EXERCISE REQUIREMENTS: The full listing, exactly as written and with no images, is the expected output.

INFORMATION GIVEN:
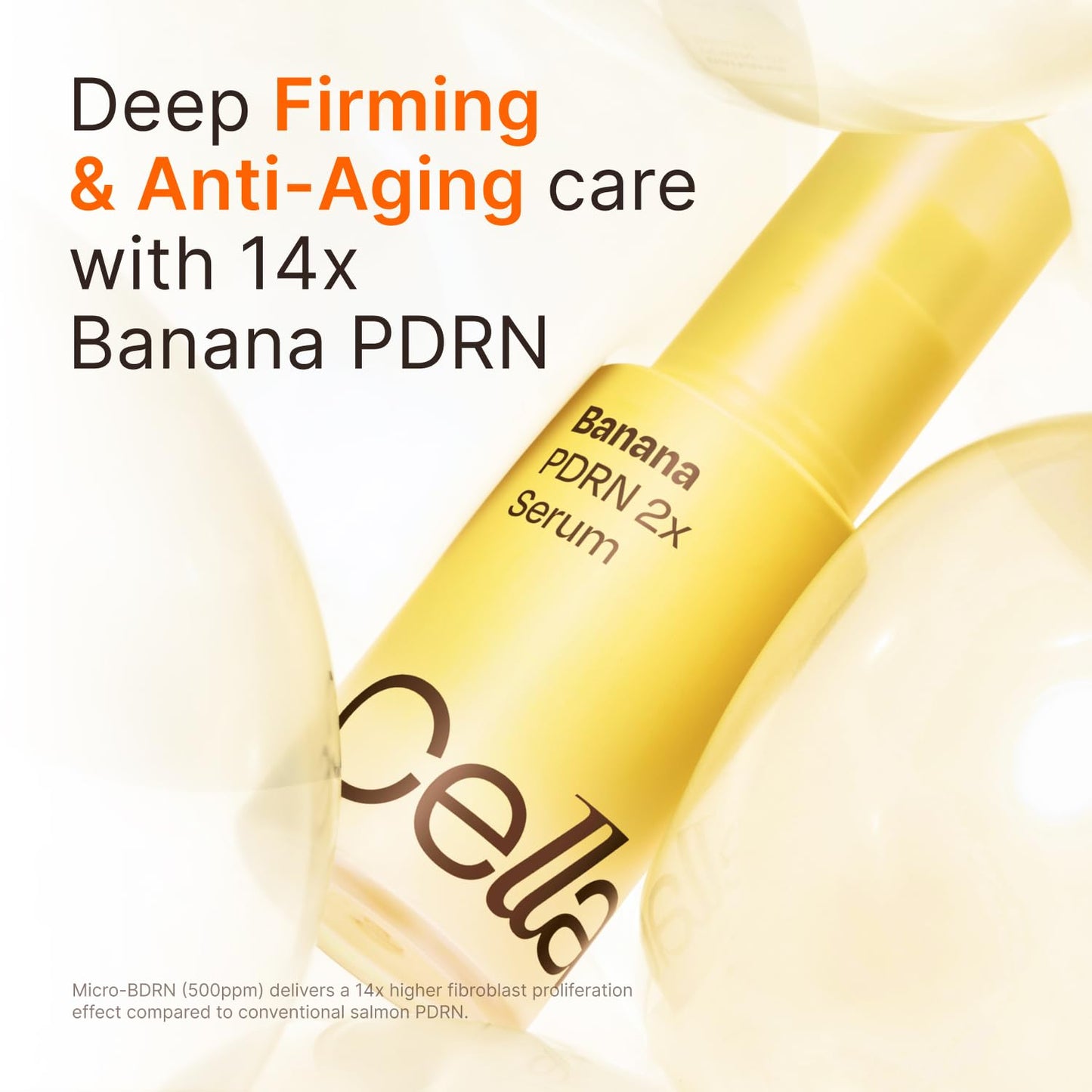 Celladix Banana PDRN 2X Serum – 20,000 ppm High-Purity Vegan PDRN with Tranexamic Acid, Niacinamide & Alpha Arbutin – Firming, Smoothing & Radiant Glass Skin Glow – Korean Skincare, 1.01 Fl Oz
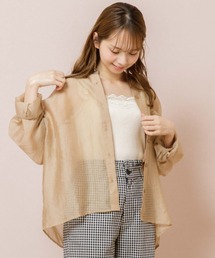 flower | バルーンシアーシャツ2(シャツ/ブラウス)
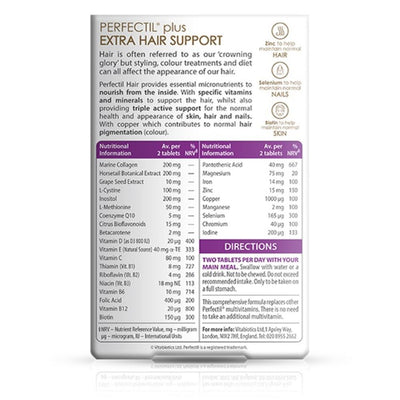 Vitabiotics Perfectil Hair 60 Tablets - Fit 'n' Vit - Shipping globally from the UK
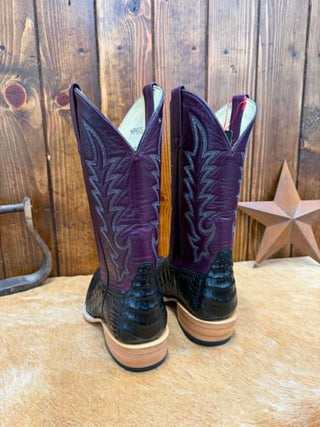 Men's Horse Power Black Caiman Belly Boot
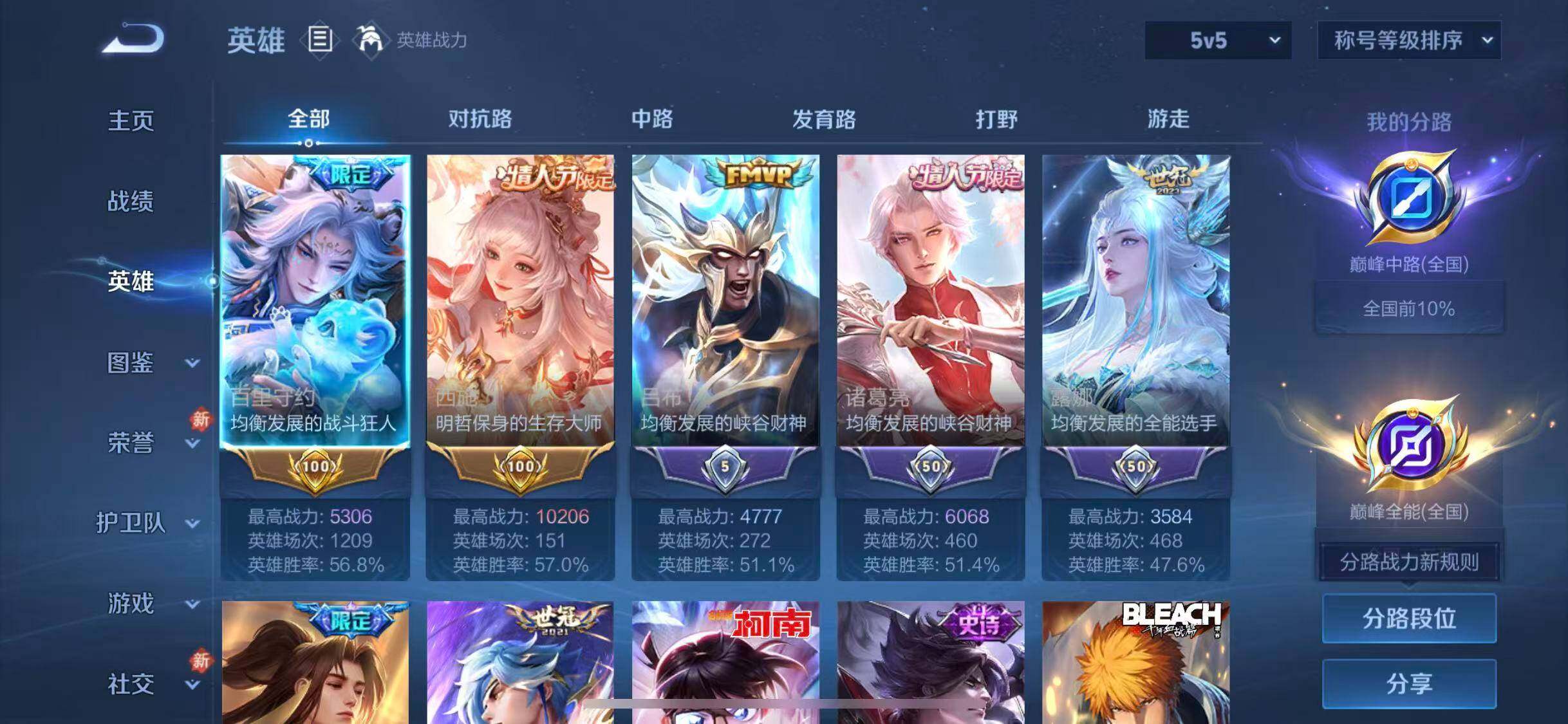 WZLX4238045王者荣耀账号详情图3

EXERCISE ANSWER:
 Celladix Banana PDRN 2X Serum – 20,000 ppm High-Purity Vegan PDRN with Tranexamic Acid, Niacinamide & Alpha Arbutin – Firming, Smoothing & Radiant Glass Skin Glow – Korean Skincare, 1.01 Fl Oz
 flower | バルーンシアーシャツ2(シャツ/ブラウス)
 Vitabiotics Perfectil Hair 60 Tablets - Fit 'n' Vit - Shipping globally from the UK
 Men's Horse Power Black Caiman Belly Boot
 WZLX4238045王者荣耀账号详情图3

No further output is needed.